Dutchess man heading to Iraq to promote democracy, trade

By PATRICIA DOXSEY , Freeman staff 06/13/2004

When the time comes to shape a free and democratic government in Iraq, a Dutchess County resident who has been working since the early 1990s to bring democracy to former totalitarian countries is likely to have a hand in the effort.

Pleasant Valley resident Daniel Odescalchi expects to be one of the players involved in shaping the new Iraq, helping the parties that are most receptive to real free markets and real democracy win elected office.

THE ARLINGTON High School graduate, who holds an associate's degree in liberal arts from Dutchess Community College, was scheduled to begin his work in Iraq as part of a project sponsored by the Center for International Private Enterprise, and funded by National Endowment for Democracy, on March 20, but the capture of America hostages just days before he to leave put those plans on hold and he now awaits word on when that that trip will occur.

In the meantime, Odescalchi is working with the ambassador and special presidential envoy at the U.S. Embassy in Kabul, Afghanistan, to help emerging democratic leaders in that country understand the pitfalls that countries and governments encounter when transitioning from dictatorships to democracy.

IT IS a role to which Odescalchi, president of the Pleasant Valley-based Strategic Advantage International, and for nearly three decades a major player in the domestic political scene, is not unaccustomed.

At home, Odescalchi, who also is the spokesman for St. Lawrence Cement, has worked on election campaigns at nearly every level of government.

In fact, it was while he was working in Washington, D.C., for former U.S. Rep. Hamilton Fish that the 42-year old Republican first found his interest piqued by the international political scene.

"Everyone remembers watching the Berlin Wall fall," Odescalchi said during a recent interview. "It just seemed a heck of a lot more exciting (than domestic politics). Behind the Iron Curtain was really where the world was transforming at the time. It just kind of sucked me in. I wanted to be a part of that.

"I was kind of drawn into what was going on over there," he said. "You really felt like you could really do some good ... take humanity forward a step."

ODESCALCHI was able to tap into his Washington connections to approach the embassies and make connections with those groups working to bring democracy to countries once part of the former Soviet Bloc in Eastern Europe.

His first foray into the international political scene was in Hungary, following the fall of the Berlin Wall.

He has also brought his skills, through his work with the U.S. Information Service, to bear in Bosnia, Poland, East Germany, Romania and Slovakia.

FOR ODESCALCHI, his work has shone a light on the way democracy is perceived in nations that never have known the form of government under which most in the United States have always lived.

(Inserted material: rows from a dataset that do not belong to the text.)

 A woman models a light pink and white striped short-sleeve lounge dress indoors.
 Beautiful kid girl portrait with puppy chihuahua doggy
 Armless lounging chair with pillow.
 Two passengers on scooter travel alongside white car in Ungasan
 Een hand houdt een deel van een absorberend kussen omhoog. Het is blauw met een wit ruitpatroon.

"In Hungary, after the fall of the Berlin Wall, if you would have run a donkey for office and painted 'democracy' on one side and 'freedom' on the other, it would have been elected prime minister," Odescalchi said.

But, he said, few understood the ramifications associated with a democratic government and many feared what they saw.

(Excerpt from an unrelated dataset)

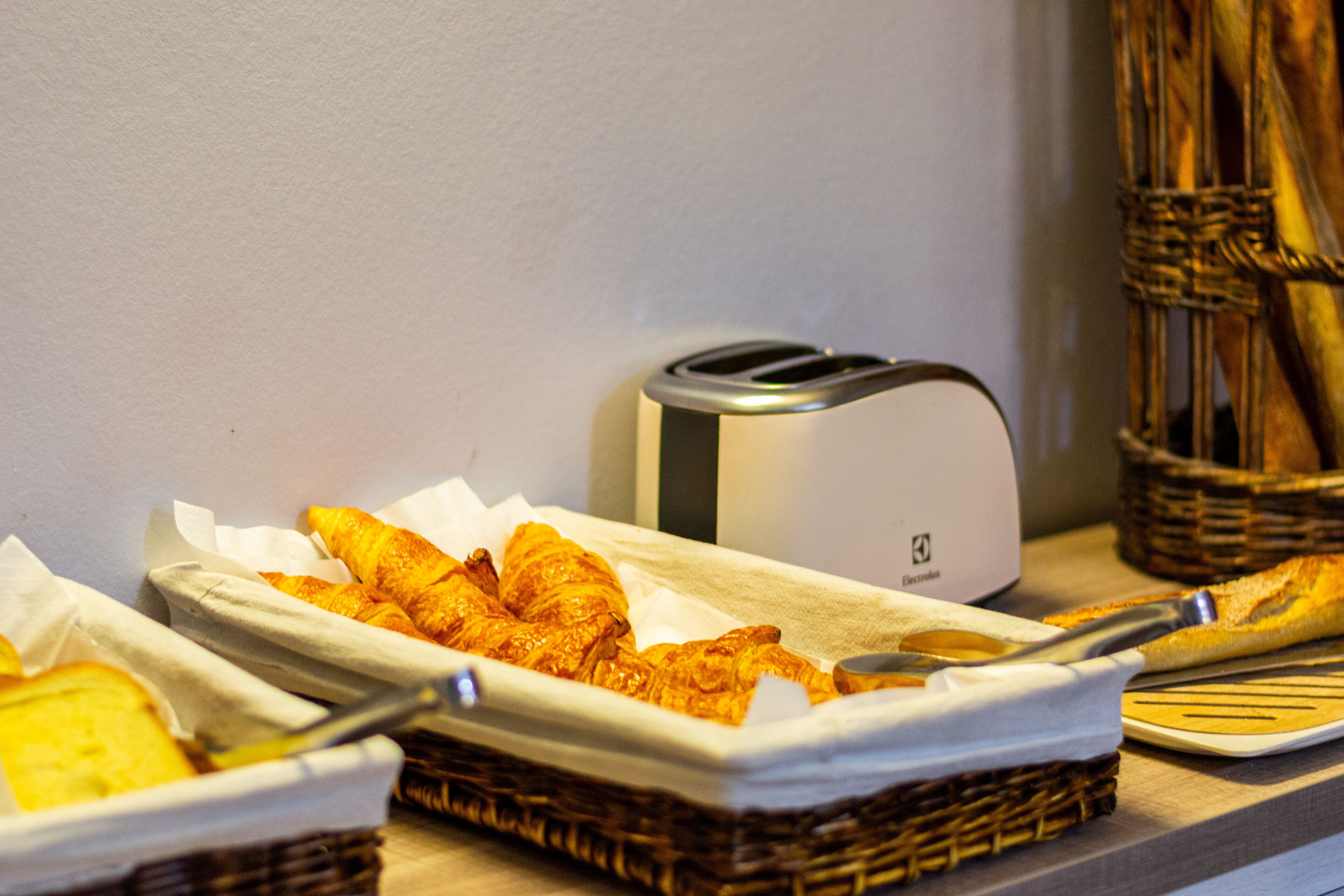 A breakfast buffet with various pastries and bread, a toaster, and a basket of utensils.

"What we saw repeatedly, when countries moved from dictatorial or totalitarian systems to a democracy, was although they all wanted democracy, the first thing they realized is that democracy is chaos, and that's the way they interpret it.

"To us, we see a healthy exchange of ideas, what these post-Communist voters saw was chaos, a government falling apart."

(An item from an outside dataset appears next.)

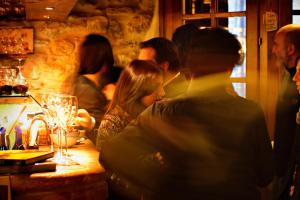 a group of people sitting at a bar at Aethos Saragano in Saragano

ANOTHER problem Odescalchi said he encountered in working to win electoral victories for democratic-minded candidates is that those candidates had no real-life experience with democracy.

"The very first people who stepped forward to become politicians tended to be 'armchair democrats,'" he said. "They understood democracy out of textbooks but had no day-to-day experience, so when they were running for office, they would always talk about high-minded ideas such as constitutionality; meanwhile, the general populace was losing jobs."

In many cases, those candidates were loathe to go out on the campaign trail, something that politicians in this country recognize as imperative to gaining public support but which the early reformers saw as "beneath them."

In Bosnia, Odescalchi said, he finally was able to convince his candidates to campaign door to door - something, he said, they were very opposed to.

"They came back the following day signing praises - every door they knocked on, the people said they were going to vote for them," Odescalchi said. "I was elated. Come to find out, (the campaigners) had (rifles) hanging off their shoulder."

SEEING what happened in Hungary and Romania, Odescalchi established a program called "Survival in Democracy" and has lectured around the world to groups of governments and intergovernmental organizations, such as the Economic Democratic Union and the Atlantic Council, about how to gain an understanding of different political environments and how everyday people perceive those environments.

"It's important for world leaders to understand if you view (fledging democracies) through Western eyes, you can come to an entirely different conclusion about how things should be handled," Odescalchi said.

WHAT HE has learned from his experiences, he said, is that, for the most part, once you move beyond the cultural and religious differences, people - whether Bosnian, Serbian, Afghani or Iraqi - all hope for the same basic things in life.

"When you strip down humanity, we're all very similar. Those things that are dear to us - family, jobs, shelter, making sure our kids get a good education," Odescalchi said. "How you actually address those issues varies on culture and tradition, but when you come right down to it, as a society and humanity, we're not all that different."